Unlike the United States, China regards its cinema as a high art rather than a form of entertainment. According to David A.Cook’s History of Narrative Film, Chinese Cinema is “taught and understood as another form of literature.” This is due in part to its mastery of film aesthetics including cinematography, montage, and mise-en-scène. Simple plot structure and symbolic narrative story lines serve as guidelines for philosophical reflections and political ruminations. (see Deepika Bahri)

Chen Kaige is one of the leading directors in Chinese cinema and one of the more philosophical artists to reach international acclaim. His mastery at formulating visual metaphors, audio streams, and cinematic language palpitates with intellectual insights on society and Chinese culture.


Born in Beijing on August 12, 1952, Kaige was influenced by film at an early age through his father, Chen Huai’ai, also a director. Having experienced the beginning stages of the Cultural Revolution at fifteen and participating in the People’s Liberation Army for nearly eight years, Kaige finally decided to follow in his father’s footsteps and took his chances with a job in the Beijing Film Processing laboratory. Discovering his inherent talent for cinematography and directing, as well as an innate love for film, Kaige was accepted into the Beijing Film Academy several years later (Tam & Dissanayake).
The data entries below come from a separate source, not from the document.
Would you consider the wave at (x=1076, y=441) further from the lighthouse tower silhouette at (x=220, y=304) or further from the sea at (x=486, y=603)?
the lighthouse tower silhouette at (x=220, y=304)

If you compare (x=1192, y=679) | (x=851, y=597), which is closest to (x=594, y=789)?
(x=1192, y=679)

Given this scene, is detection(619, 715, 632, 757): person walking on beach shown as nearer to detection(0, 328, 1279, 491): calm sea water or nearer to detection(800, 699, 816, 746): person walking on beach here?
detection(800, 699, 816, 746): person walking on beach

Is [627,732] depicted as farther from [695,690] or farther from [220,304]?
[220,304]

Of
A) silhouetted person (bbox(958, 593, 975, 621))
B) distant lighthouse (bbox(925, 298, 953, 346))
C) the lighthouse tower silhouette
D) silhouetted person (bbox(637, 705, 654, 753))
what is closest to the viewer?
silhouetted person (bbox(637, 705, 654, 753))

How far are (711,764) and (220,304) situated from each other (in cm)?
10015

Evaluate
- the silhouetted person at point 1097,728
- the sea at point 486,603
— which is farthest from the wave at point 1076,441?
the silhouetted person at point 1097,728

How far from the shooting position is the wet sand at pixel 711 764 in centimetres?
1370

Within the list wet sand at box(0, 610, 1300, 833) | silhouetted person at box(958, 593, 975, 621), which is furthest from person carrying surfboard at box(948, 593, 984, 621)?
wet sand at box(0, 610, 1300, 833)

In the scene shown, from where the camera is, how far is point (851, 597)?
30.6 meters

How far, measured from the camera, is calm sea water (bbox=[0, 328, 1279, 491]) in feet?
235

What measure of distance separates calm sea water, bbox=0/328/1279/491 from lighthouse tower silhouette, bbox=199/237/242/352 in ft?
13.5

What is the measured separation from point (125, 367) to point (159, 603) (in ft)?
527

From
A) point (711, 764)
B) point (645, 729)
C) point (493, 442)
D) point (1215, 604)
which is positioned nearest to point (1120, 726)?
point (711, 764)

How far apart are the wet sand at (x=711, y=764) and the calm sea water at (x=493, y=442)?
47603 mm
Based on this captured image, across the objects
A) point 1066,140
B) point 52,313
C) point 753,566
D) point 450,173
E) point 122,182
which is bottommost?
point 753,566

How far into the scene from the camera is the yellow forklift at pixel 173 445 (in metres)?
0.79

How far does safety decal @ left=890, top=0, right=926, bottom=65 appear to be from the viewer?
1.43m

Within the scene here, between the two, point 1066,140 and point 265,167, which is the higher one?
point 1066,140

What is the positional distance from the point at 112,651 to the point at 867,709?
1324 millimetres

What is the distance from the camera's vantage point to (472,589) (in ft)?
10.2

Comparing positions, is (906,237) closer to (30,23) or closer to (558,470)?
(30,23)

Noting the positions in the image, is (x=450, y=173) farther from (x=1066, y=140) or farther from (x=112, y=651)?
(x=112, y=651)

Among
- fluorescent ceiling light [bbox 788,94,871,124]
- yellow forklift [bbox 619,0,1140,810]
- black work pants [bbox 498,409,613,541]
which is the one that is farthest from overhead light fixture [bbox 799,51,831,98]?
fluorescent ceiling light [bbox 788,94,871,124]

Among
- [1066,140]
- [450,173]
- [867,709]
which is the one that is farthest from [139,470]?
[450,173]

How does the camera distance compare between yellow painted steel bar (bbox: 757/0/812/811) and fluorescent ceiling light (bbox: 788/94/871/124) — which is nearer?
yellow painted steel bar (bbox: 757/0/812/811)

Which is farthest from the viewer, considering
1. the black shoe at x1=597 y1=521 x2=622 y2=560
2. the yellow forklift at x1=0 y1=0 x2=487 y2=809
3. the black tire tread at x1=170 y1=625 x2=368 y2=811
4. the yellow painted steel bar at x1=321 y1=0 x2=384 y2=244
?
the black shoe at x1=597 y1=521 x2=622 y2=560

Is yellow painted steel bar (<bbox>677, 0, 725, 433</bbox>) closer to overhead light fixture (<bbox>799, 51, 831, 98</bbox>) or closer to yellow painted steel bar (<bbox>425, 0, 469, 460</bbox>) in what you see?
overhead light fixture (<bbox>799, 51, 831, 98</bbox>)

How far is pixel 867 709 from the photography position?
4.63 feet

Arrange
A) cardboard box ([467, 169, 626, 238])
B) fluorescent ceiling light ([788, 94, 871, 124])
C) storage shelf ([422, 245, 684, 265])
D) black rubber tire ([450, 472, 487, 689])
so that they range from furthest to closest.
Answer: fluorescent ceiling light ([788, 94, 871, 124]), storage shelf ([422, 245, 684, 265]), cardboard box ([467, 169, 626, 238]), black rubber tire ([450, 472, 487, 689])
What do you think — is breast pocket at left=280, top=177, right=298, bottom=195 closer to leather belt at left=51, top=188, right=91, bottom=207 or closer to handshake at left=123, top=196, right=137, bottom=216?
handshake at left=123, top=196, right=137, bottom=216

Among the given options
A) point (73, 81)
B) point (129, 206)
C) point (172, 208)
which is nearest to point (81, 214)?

Following graduation in 1982 and filled with experience, Chen’s first cinematic endeavors included Farewell to Yesterday (Xiang Zuo Tian Gao Bie) in 1980 with Fujian Television, and as an assistant director for Brother Echo (Ying Sheng A’Ge), The Fragile Skiff (Yi Ye Xiao Zhou) and 26 Young Ladies (26 Ge Gu Niang). But it was Kaige’s release of Yellow Earth (Huang Tu Di) which brought not only personal international acclaim but artistic recognition for Chinese cinema as a well. Since then he has directed numerous other films incuding: The Big Parade (Da Yue Bing), King of the Children (Hai Zi Wang), Life on a String (Bian Zou Bian Chang), Farewell to My Concubine (Ba Wang Bie Ji), Temptress Moon (Feng Yue), as well as acting in The First Emperor. His more recent films are Killing Me Softly, The Promise, The Orphan of Zhao, and Sacrifice. One of the leaders of the Fifth Generation film directors, Chen’s work is marked by his beautiful landscape shots of China and realistic portrayals of rural life. His mastery for symbolic narratives and film aesthetics serve as a vehicle for social, political, and nationalist messages (Tam & Dissanayake). (see Theodor Adorno)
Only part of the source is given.